START EXTRACTED RECORDS

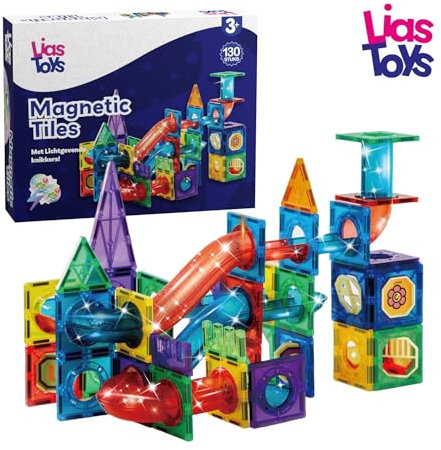 Lias Toys 130 Stück Magnetische Bausteine Murmelbahn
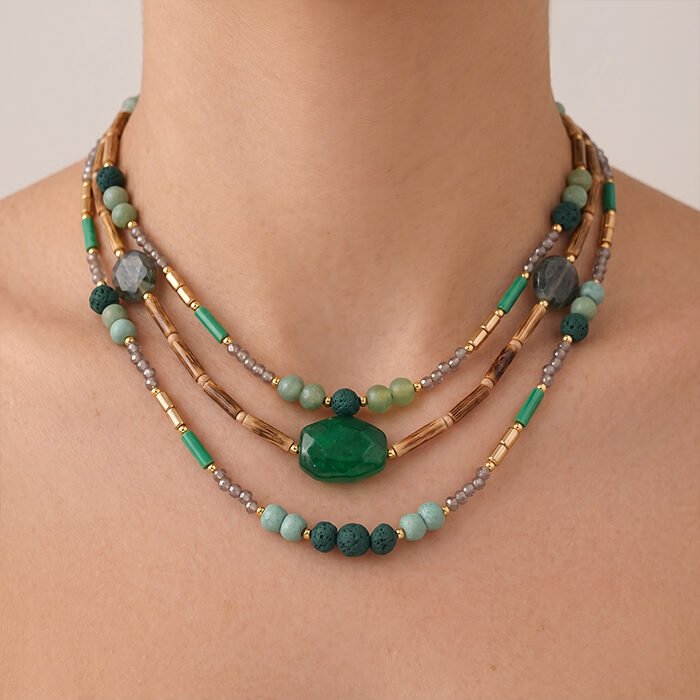 Emerald-Malachite-Triple-Strand-Collar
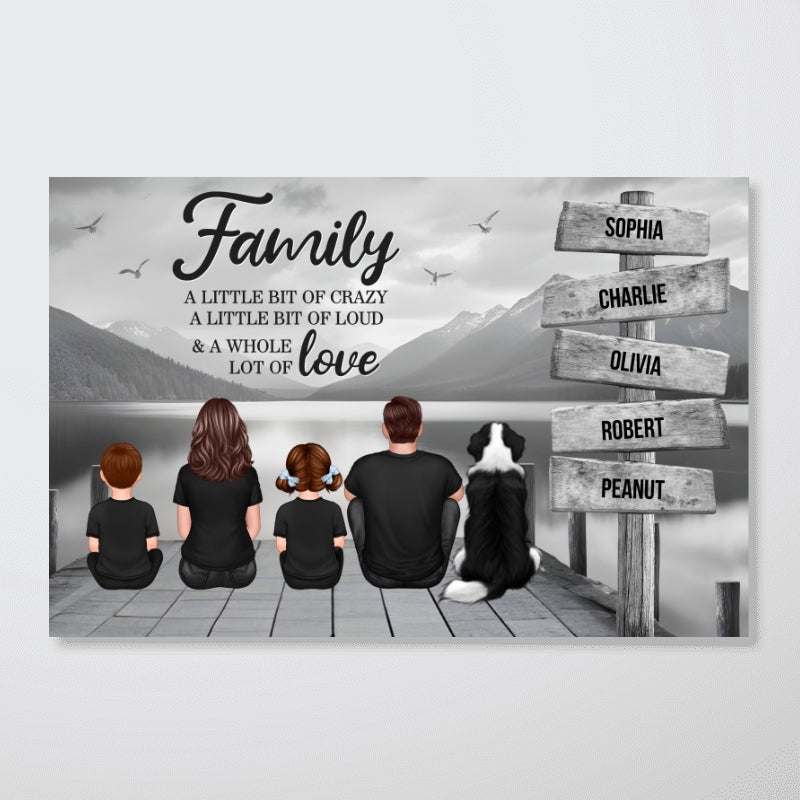 Retro Vintage Family A Little Whole Lot of Love Sign Posts - Personalized Poster - Gift For Family
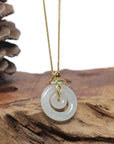 Baikalla "Double Ping An Kou" (Good Luck Button) 18K Yellow Gold Icy White Jadeite Jade Pendant W/ Imperial Jade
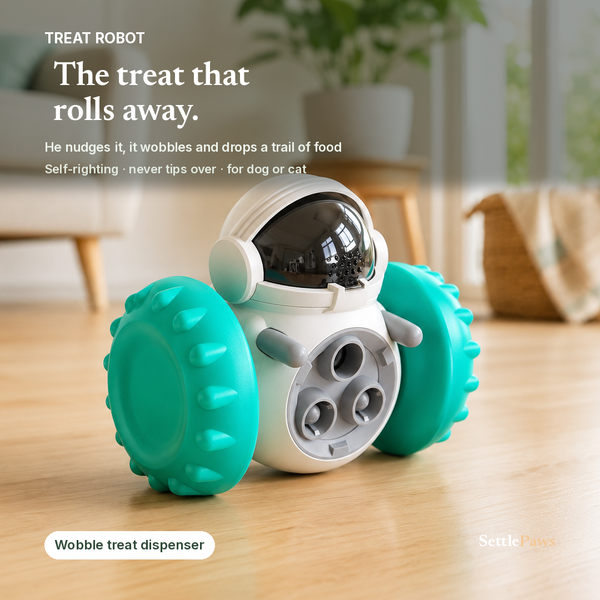 White treat dispenser robot for dogs with a clear smoke-dome lid and teal spiked wheels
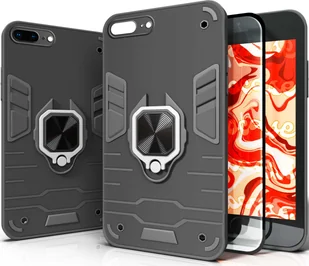 Hello Case ETUI PANCERNE DO IPHONE 7 PLUS / 8 PLUS CZARNE OBUDOWA ARMOR HOLDER SZKŁO - Etui i futerały do telefonów - miniaturka - grafika 1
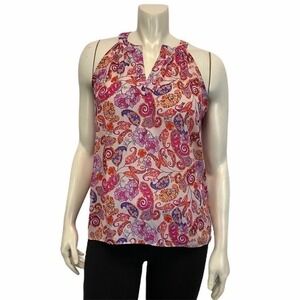 ANTIBES BLANC Paisley Tunic Tank Top Medium Floral Multicolor Summer Boho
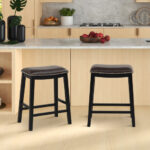 Saddle Seat Counter Height Bar Stools with Rivet Accents (Set of 2)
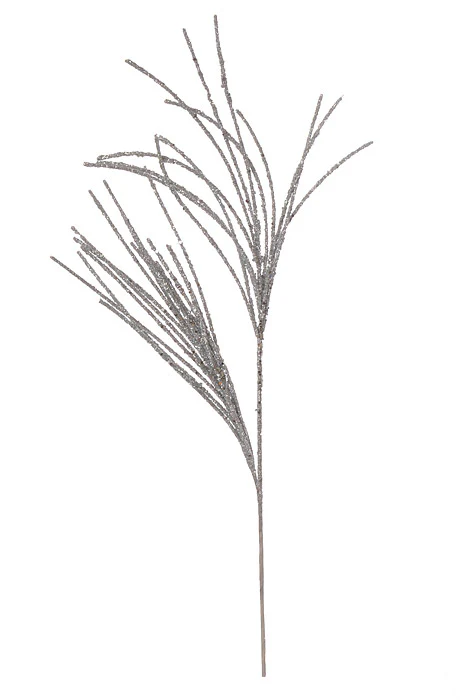 28" Micro Beaded/Sequin Grass Spray (Silver)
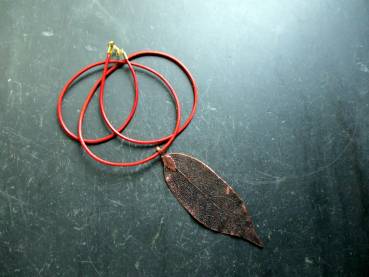 Kette, Anhänger, Blatt, echt, Lederband, Blatt, kupferfarben, Schmuck, Bodhi Baum
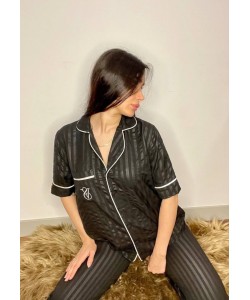 Pamuk siyah  Kısa Kol Pijama Takımı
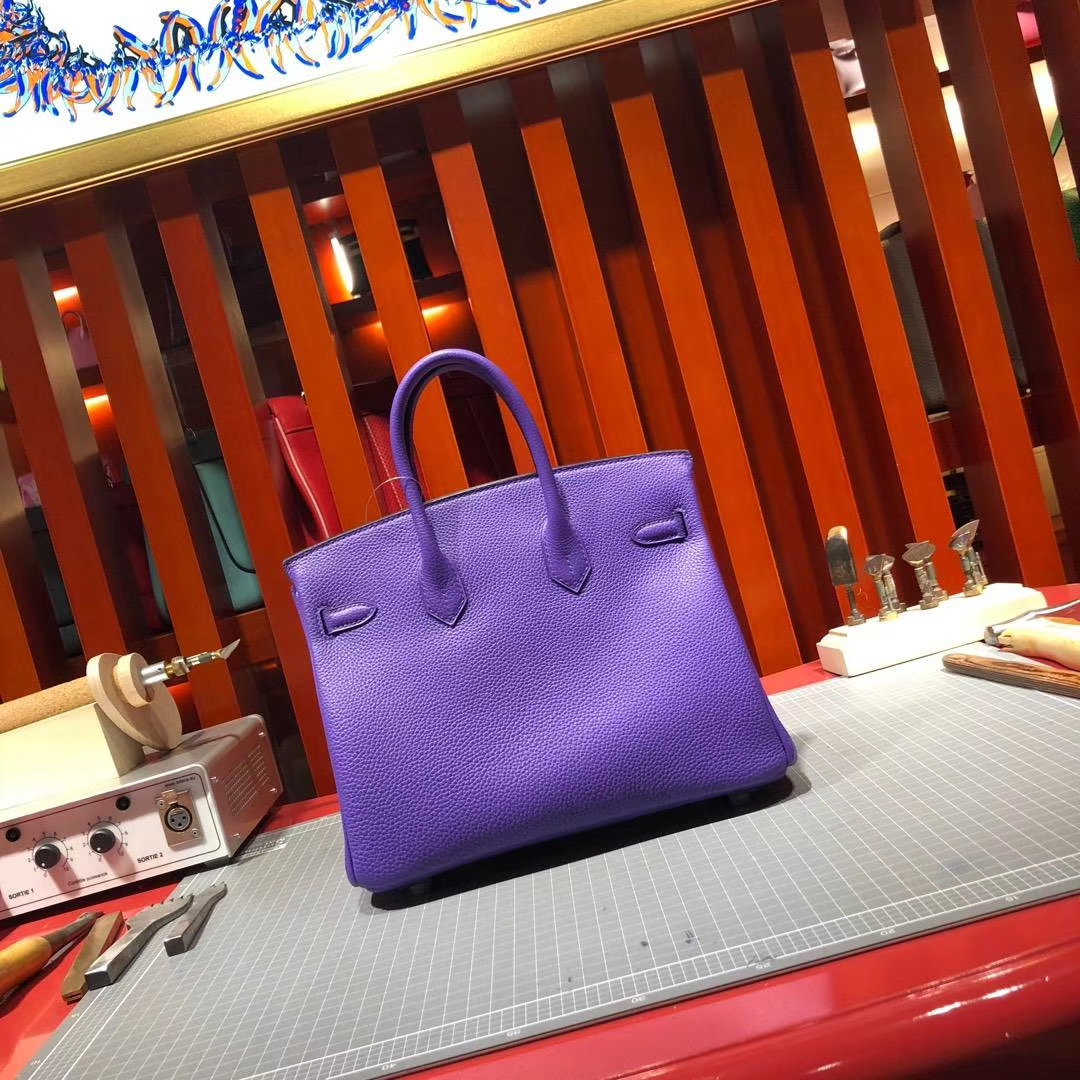 爱马仕2018AW秋冬限量版铂金包 9W梦幻紫拼57波尔多酒红Birkin25CM 银扣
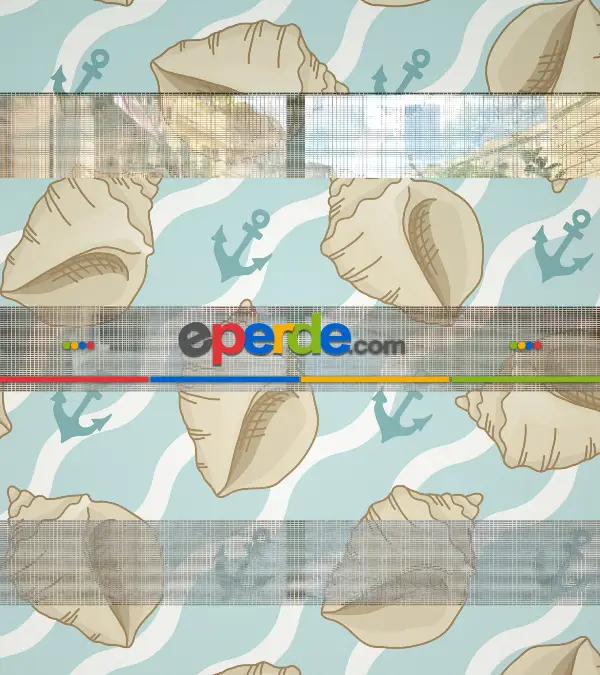 Deniz Kabuğu Baskılı Zebra Perde- Mavi-beyaz-krem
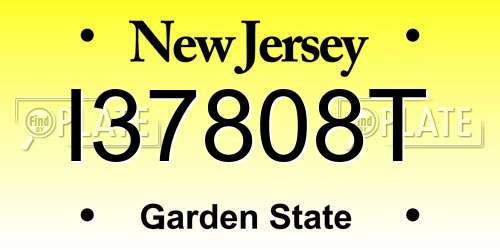 I37808T New Jersey License Plate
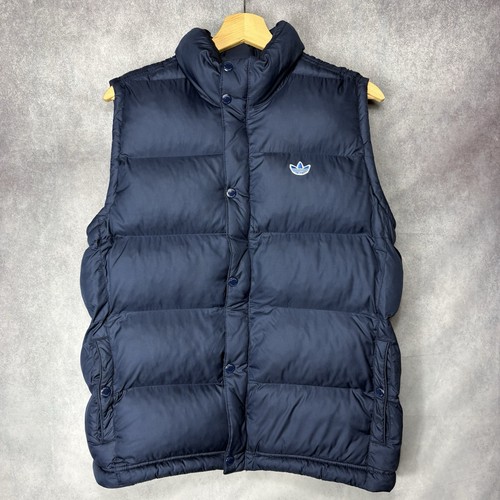 Adidas Herren gefütterte Weste marineblau Größe Small S isoliert durchgehender Reißverschluss Outdoor Freizeit - Bild 1 von 15
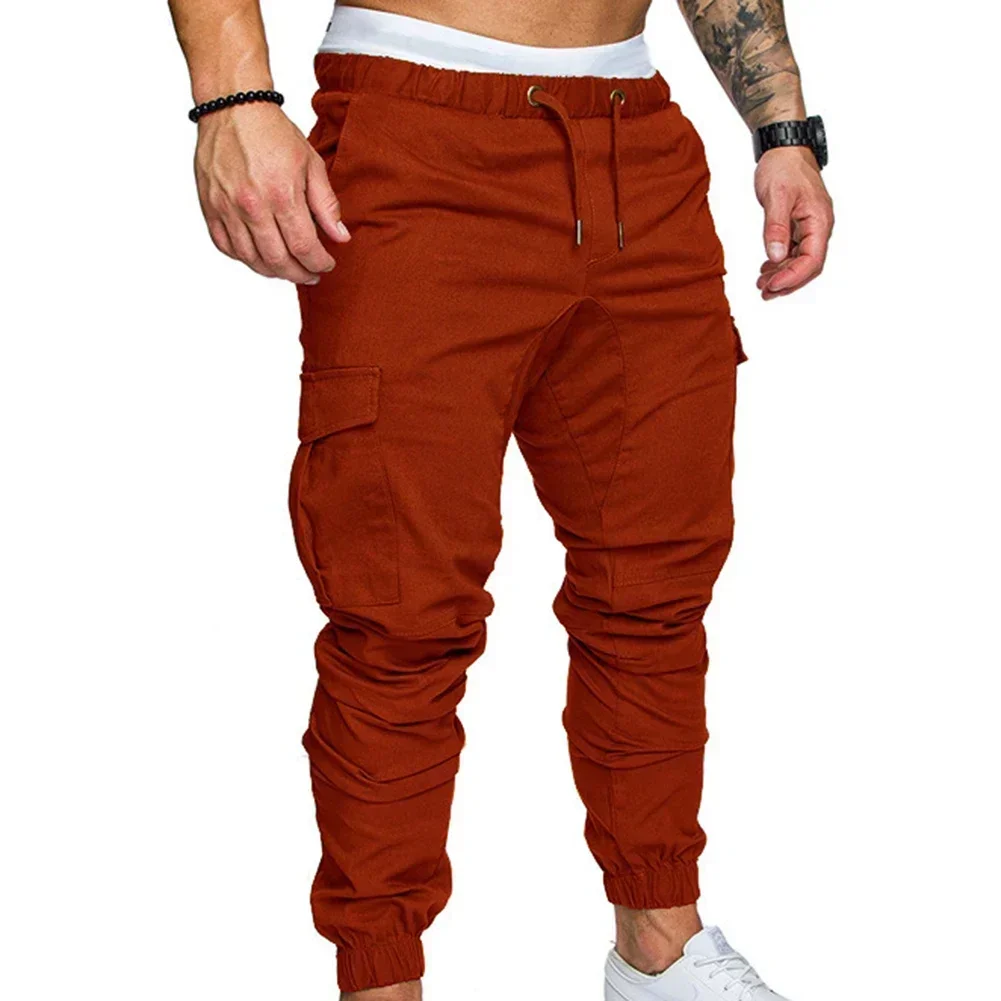 Spring and Autumn Fashion Men\'s Drawstring Adjustable Pocket Pants New Casual Men\'s Pants Jogging Slim Fit Striped Clothing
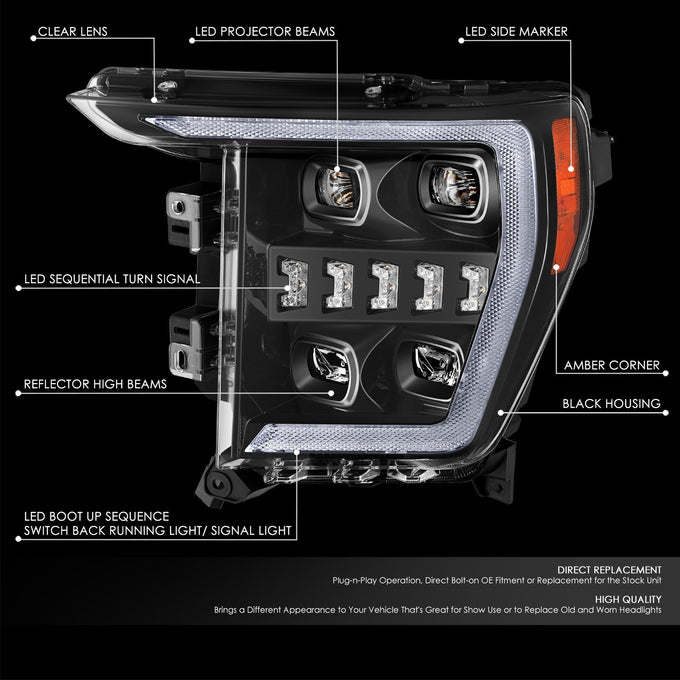 3D LED DRL Sequential Projector Headlights <br> 21-23 Ford F-150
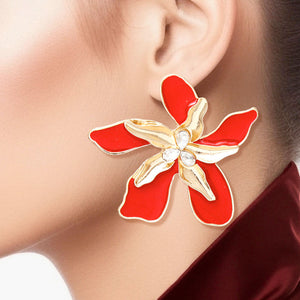 Studs Red Gold Tropical Flower Earrings for Women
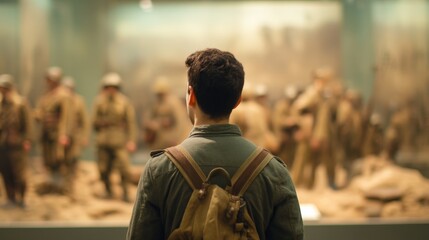 Fototapeta premium A person observes a military exhibit in a museum setting.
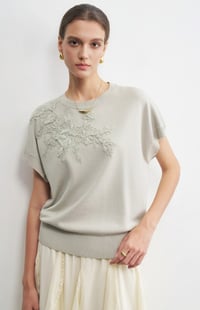 Image 1 of Short Sleeve Top with Lace 
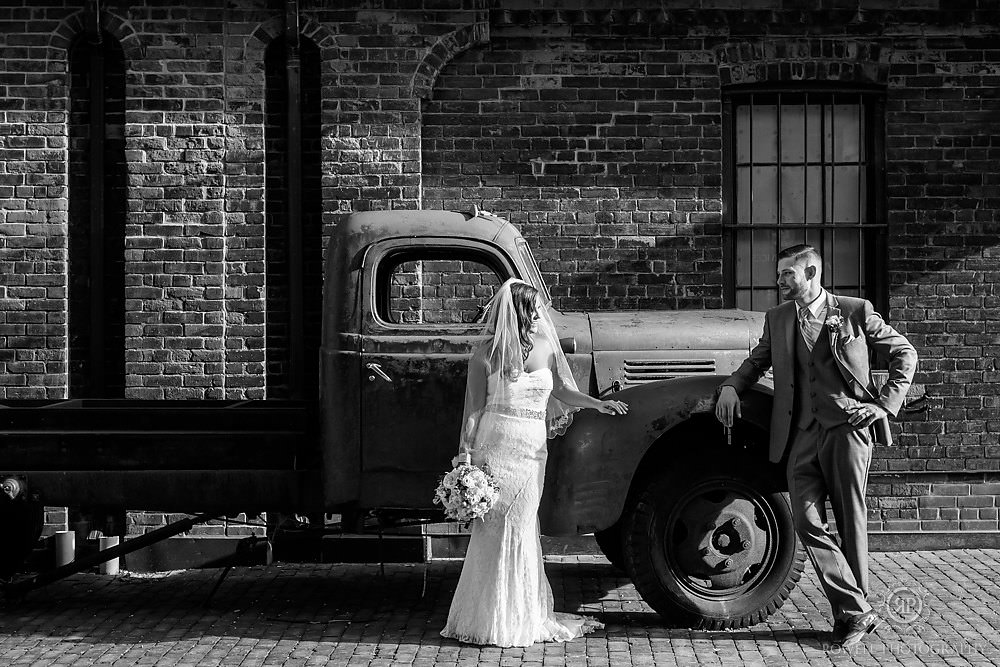 toronto distillery black and white wedding photography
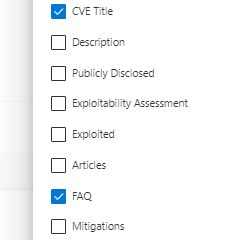 Edit columns CVE
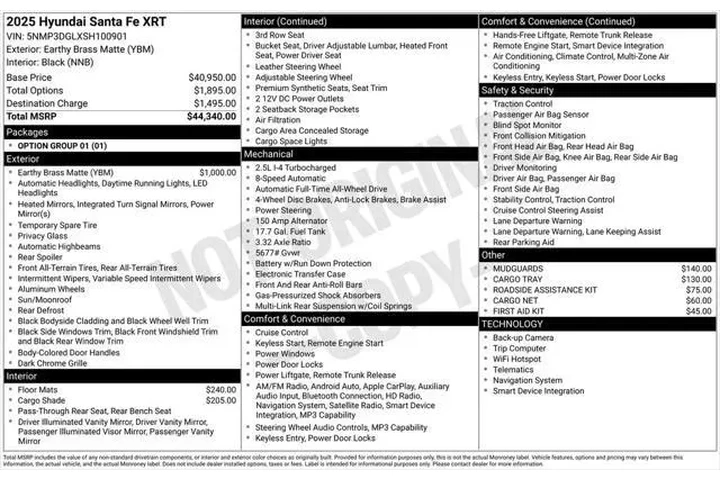 $35103 : Hyundai SANTA FE 2025 AWD XR image 5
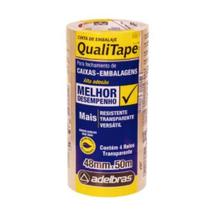 Fita Transparente Qualitape 48mm X 50m - Adelbras Para Embalagem E Lacração De Pacotes Fita Transparente Qualitape 48mm X 50m - Adelbras Para Embalagem E Lacração De Pacotes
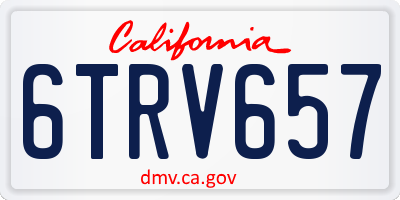 CA license plate 6TRV657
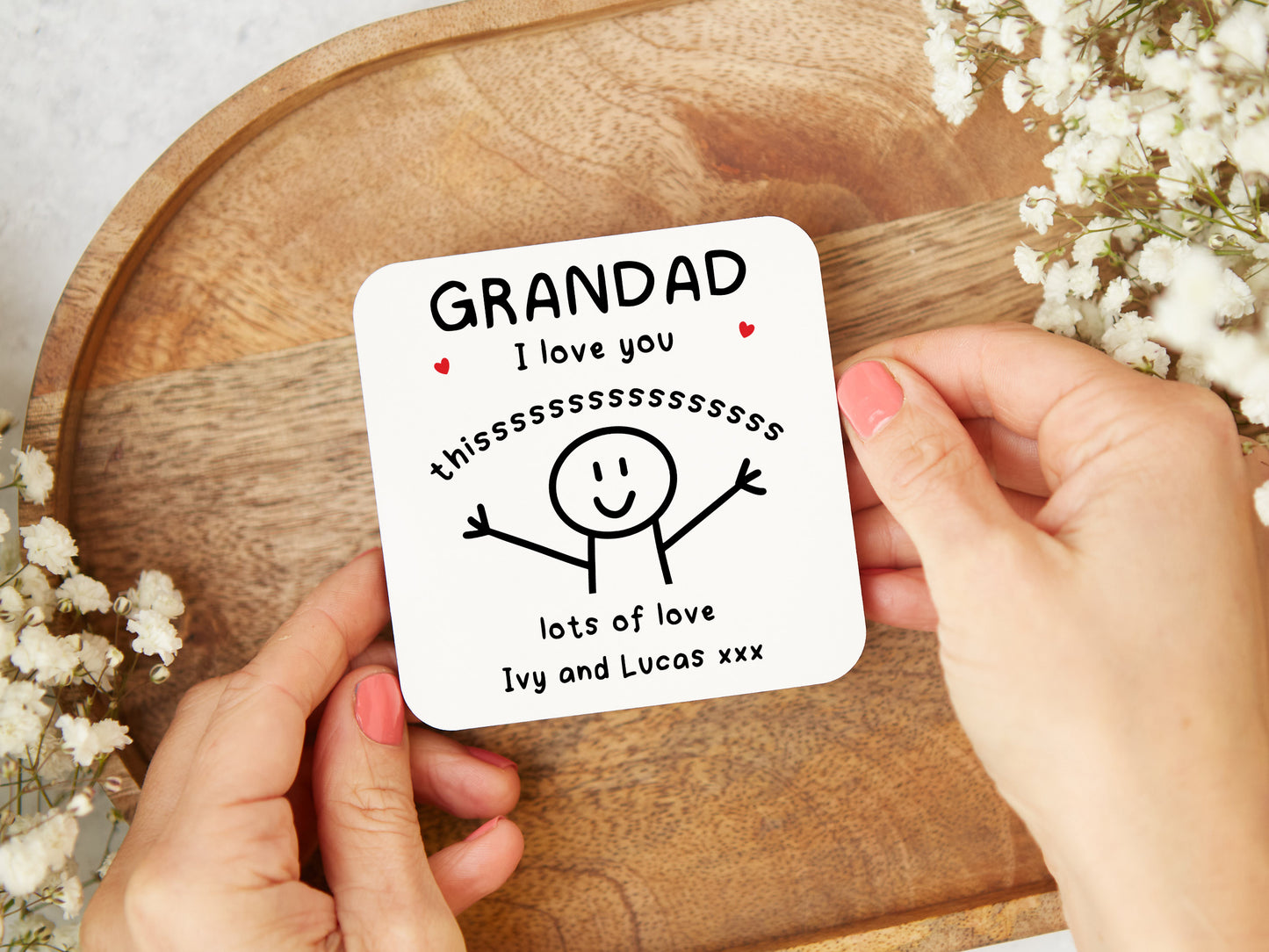 Personalised "Grandad I Love You This Much" Coaster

END EXTRACTED RECORDS

WHAT YOU NEED TO DO:
Give again the stretch of the entries above that begins at the line with "Studs Red Gold" and ends at the line with "Edit columns CVE", word for word, with no pictures.

RESPONSE TO THIS EXERCISE:
 Studs Red Gold Tropical Flower Earrings for Women
 Fototapeta premium A person observes a military exhibit in a museum setting.
 Image 1 of Short Sleeve Top with Lace 
 toronto distillery black and white wedding photography
 Edit columns CVE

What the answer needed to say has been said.